- _What to produce_: Dropping every picture, set down exactly the lines in the entries below, starting with the line with "Replica Christian Dior" and going on through the line with "THE NORTH FACE".

- _Data section_:
■ ■ ■ ■

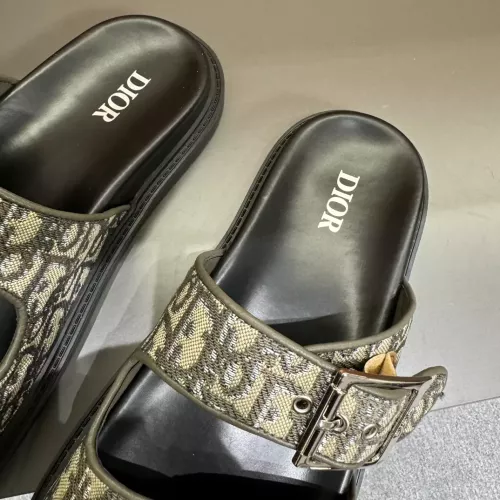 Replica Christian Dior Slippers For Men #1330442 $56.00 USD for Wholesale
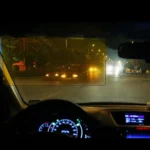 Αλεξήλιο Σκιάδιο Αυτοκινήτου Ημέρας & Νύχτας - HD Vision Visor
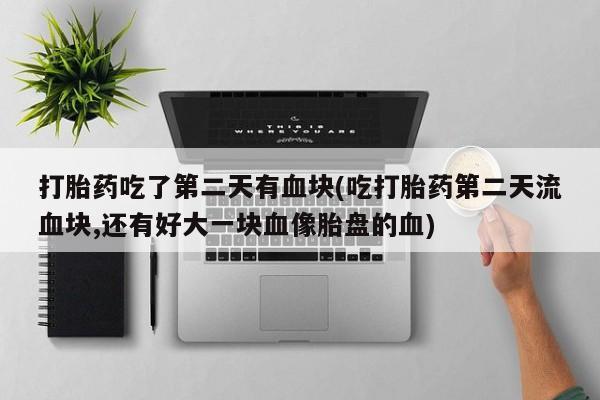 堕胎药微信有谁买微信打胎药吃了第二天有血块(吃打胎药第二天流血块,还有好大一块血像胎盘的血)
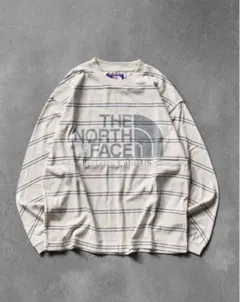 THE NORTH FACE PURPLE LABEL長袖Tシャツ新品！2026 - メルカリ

■ ■ ■ ■

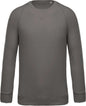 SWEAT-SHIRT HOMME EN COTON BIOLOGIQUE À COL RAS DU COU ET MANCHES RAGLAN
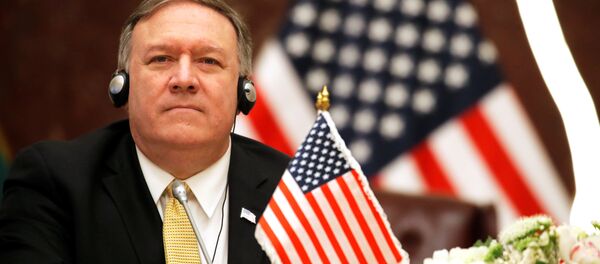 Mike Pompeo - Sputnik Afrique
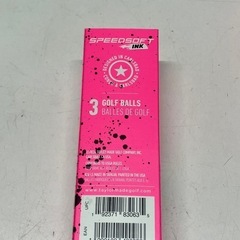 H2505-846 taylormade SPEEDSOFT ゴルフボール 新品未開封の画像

■ ■ ■ ■

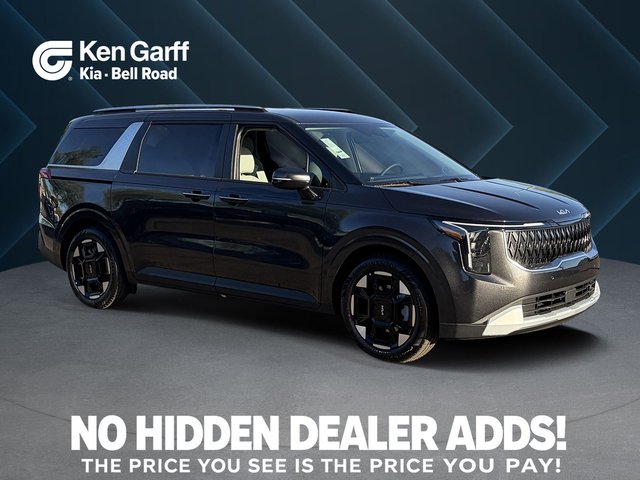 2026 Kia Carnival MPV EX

■ ■ ■ ■

- _Exercise result_:
 Replica Christian Dior Slippers For Men #1330442 $56.00 USD for Wholesale
 Αλεξήλιο Σκιάδιο Αυτοκινήτου Ημέρας & Νύχτας - HD Vision Visor
 堕胎药微信有谁买微信打胎药吃了第二天有血块(吃打胎药第二天流血块,还有好大一块血像胎盘的血)
 THE NORTH FACE PURPLE LABEL長袖Tシャツ新品！2026 - メルカリ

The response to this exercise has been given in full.